Restoring SB2

There are still a lot of towns in New Hampshire that gather every year for Town Meeting. In a crowded room, all your neighbors raise their hands and say yeah and nay in front of everyone else. It could always get contentious, but in today’s political climate, you could get branded or targeted. There’s a cure for that.

SB2 was the Senate Bill that allowed towns to switch to a secret ballot for casting votes on town business, budgets, warrant articles, and so on. You got the chance to have your say and keep your anonymity. It’s not mandatory, but a town can vote for it using a ballot, just not in the traditional sense. If someone wants to switch to server balloting for future “elections” and town business – at present – you have to do that during town meeting, by submitting your ballot to the moderator.

It’s still sort of secret, but you walk up and hand in your ballot. There is legislation to change that to make it a truly secret ballot vote.

To quote a reader, HB1175 “If enacted, would restore the original (pre-2019) language by providing for an all-day vote by secret ballot at the polls to decide whether or not to adopt SB2 voting.”

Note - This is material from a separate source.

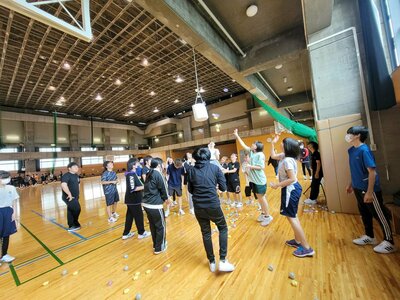 【高知】スポーツ大会パート１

The new (old) verbiage looks like this.

III. The local political subdivision shall place the question on the warrant of the annual meeting under the procedures set out in RSA 39:3 or RSA 197:6, and the question shall be voted on by official ballot in accordance with the procedures established in RSA 669:19-29, RSA 670:5-7, and RSA 671:20-30, including all requirements pertaining to absentee voting, polling places, and polling hours.

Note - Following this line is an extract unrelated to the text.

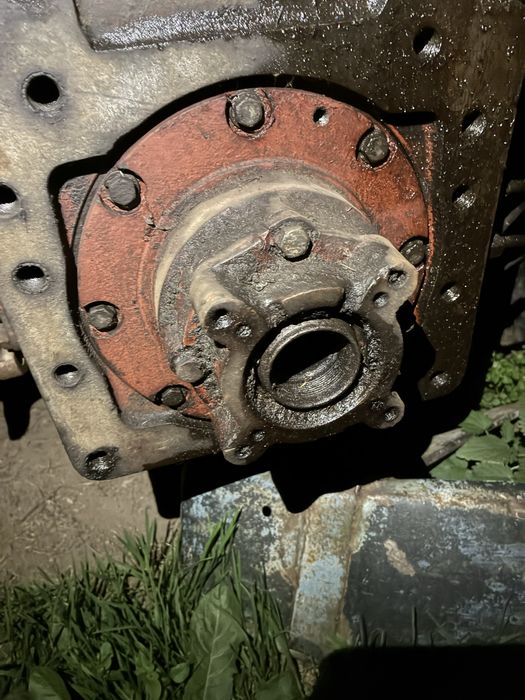 Walek wom, przekaznik, sprzeglo ursus c385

There are no vote-by-mail ballots for town meetings; you have to show up, but again, that tends to lower participation in what are often (even in SB2 towns) underperforming events. Local elections attract a fraction of registered voters, yet these are what – at least around here – determine the majority of the taxes you will pay in a year. That disinterest baffles me, but I can see why you might be reluctant to sit in a room all day and raise your hand or yell yay or nay. SB2 creates the opportunity to enhance local participation.

Secret ballots allow for informed no voters to intercede in the wreckless spending antics of (primarily) the public school system, which sucks up about 70% of the average local budget.

SB2 won’t fix that, and HB1175 doesn’t make every Town SB2; you still get to decide that locally, but if it passes, it might encourage a few towns to consider a move that is a step in that “right” direction, and that was the original intent of the law.